We marry the person who can potentially help us complete the emotional work we began with our family of origin. We don’t fully grasp this potential at the time of marriage because we don’t typically know our selves or our spouses well enough, but this doesn’t change the fact that the gift of healing was there from the start. I say potentially because you and your spouse still need to cooperate with God’s plan in order to finish growing up, and this is by no means an easy task. Trusting another and being vulnerable takes time in even the best of circumstances, and distinguishing between childhood maps and current ones is much harder than it sounds. To further complicate matters, as years go by and the marriage takes hits, it can be more and more difficult to be open, and stay open, to your partner. Naturally, when pain begins to build, the human instinct is to revert back to what you knew best, and what you knew first…your original map for relationships. The heart can become hardened, and the directions for compatibility confused.
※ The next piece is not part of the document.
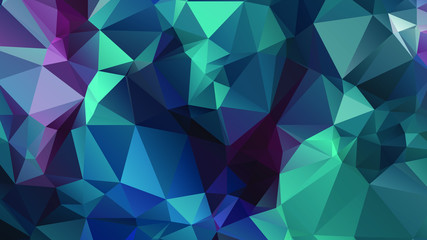 Abstract Color Polygon Background Design, Abstract Geometric Origami Style With Gradient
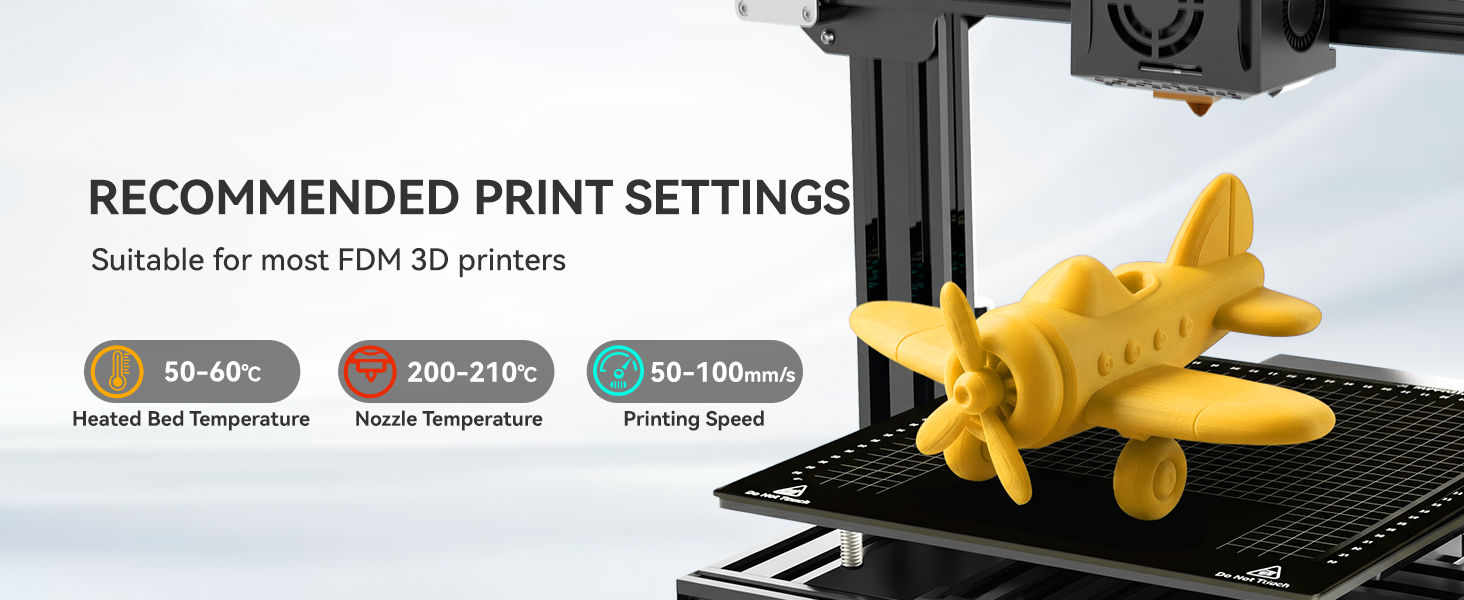 SUNLU 250g PLA Filament 1.75mm,3D Printer Filament Bundle Multicolor, Neatly Wound PLA Filament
However, this map does not have to control you. Just like the mapmaker Worthington Gates would do if he were asked to design a map of downtown Los Angeles today, you can make changes to your map and update the information. Here are 5 practical suggestions that can help:
1) Play time: Set aside quality time each week to spend together, nurturing your friendship, having fun, and exploring the mystery of the other
2) Tracking device: Check in with each other throughout the day, to simply communicate care, concern, and interest
3) Empathy: Seek understanding before agreement (if one feels truly heard, seen, and respected good typically follows!)
4) Fighting fair: Avoid threats and hurtful words, be clear with each other about what the issue is, own your share of the problem, and seek a compromise that honors the relationship
5) Know your limits: Be open to strategic counsel from a therapist, a minister, or a rabbi if problems persist
The goal is not to avoid the past, an impossible task, but rather to minimize the confusion and pain, and maximize the learning.